Ranges and Algorithms -- Templates, Delegates, or Ranges?

Tue Feb 22 02:29:41 PST 2011

Having learned functional programming in Scheme a couple months ago, I tried my hand at using map(), reduce(), and filter() in D:

    int addend = 5;
    map(delegate int(int x) { return x + addend; }, iota(1, 5));

but it didn't work. It turned out that map() actually took the mapper as its _template_ argument, not as a function argument. Not too much of
a problem, it probably seemed to be...
except that it's a critical problem. It makes map(), reduce(), filter(), etc. to become 10x less useful, because there's no way to change
their behavior at runtime, depending on program's state.

This was disappointing, but it wasn't like I couldn't write a better version of it, so I did:

static T2[] map(T2, T1)(scope T2 delegate(T1) mapper, T1[] arr)
{
	auto result = new T2[arr.length];
	foreach (i, item; arr) { result[i] = mapper(item); }
	return result;
}

except then I quickly realized that this was array-based, and useless for ranges.
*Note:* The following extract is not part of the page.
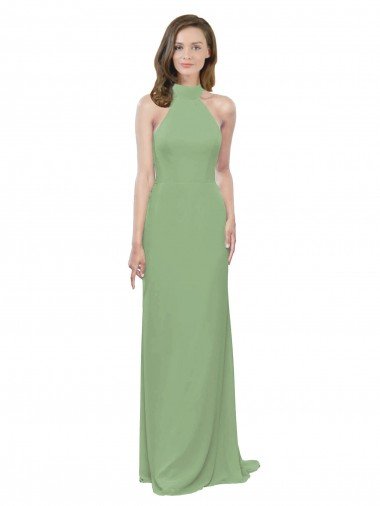 Cheap High Collar Halter Neck Chiffon Bridesmaid Dress with Long Back Tie Sydney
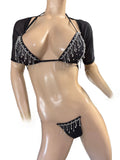 Exotic Black arms cover top and thong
So I wrote my own MapRange struct (which I didn't paste
here) and map() function:

static auto map(TFn, T...)(TFn map, T args)
    if (isCallable!(TFn) && T.length > 0
        && allSatisfy!(isInputRange, T))
    { return MapRange!(TFn, T)(map, args); }

Everything seemed solved until today, when I realized something critical: the mapper is no longer a 'scope' variable, and will require a heap
allocation each time a lambda with closure is created.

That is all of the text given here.